[EXTRACTED INFORMATION]:
_ _ _ _

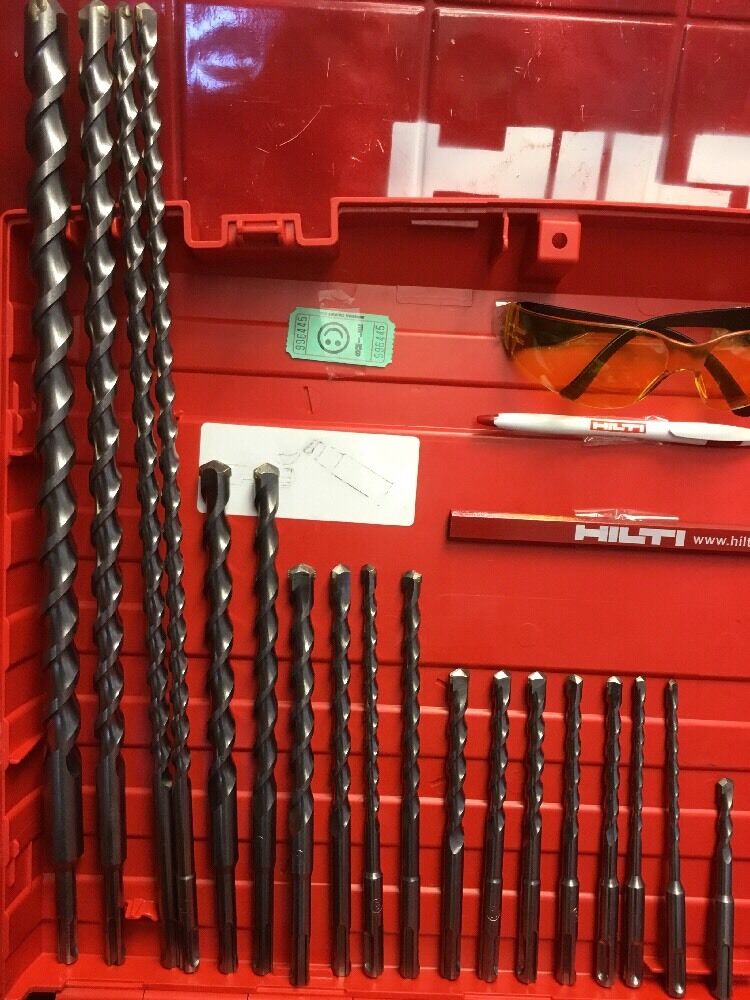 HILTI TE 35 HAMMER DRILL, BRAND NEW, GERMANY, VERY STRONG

_ _ _ _

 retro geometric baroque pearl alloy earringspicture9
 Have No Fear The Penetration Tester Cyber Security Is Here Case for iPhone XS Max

_ _ _ _

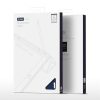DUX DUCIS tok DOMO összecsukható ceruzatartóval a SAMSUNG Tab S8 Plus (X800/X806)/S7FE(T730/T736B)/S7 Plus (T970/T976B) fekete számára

_ _ _ _

[AIM OF THE TASK]: All lines in the listing above between the line with "retro geometric baroque" and the line with "Have No Fear", inclusive, should be set down exactly, and no line outside that range.

[EXERCISE OUTPUT]:
 retro geometric baroque pearl alloy earringspicture9
 Have No Fear The Penetration Tester Cyber Security Is Here Case for iPhone XS Max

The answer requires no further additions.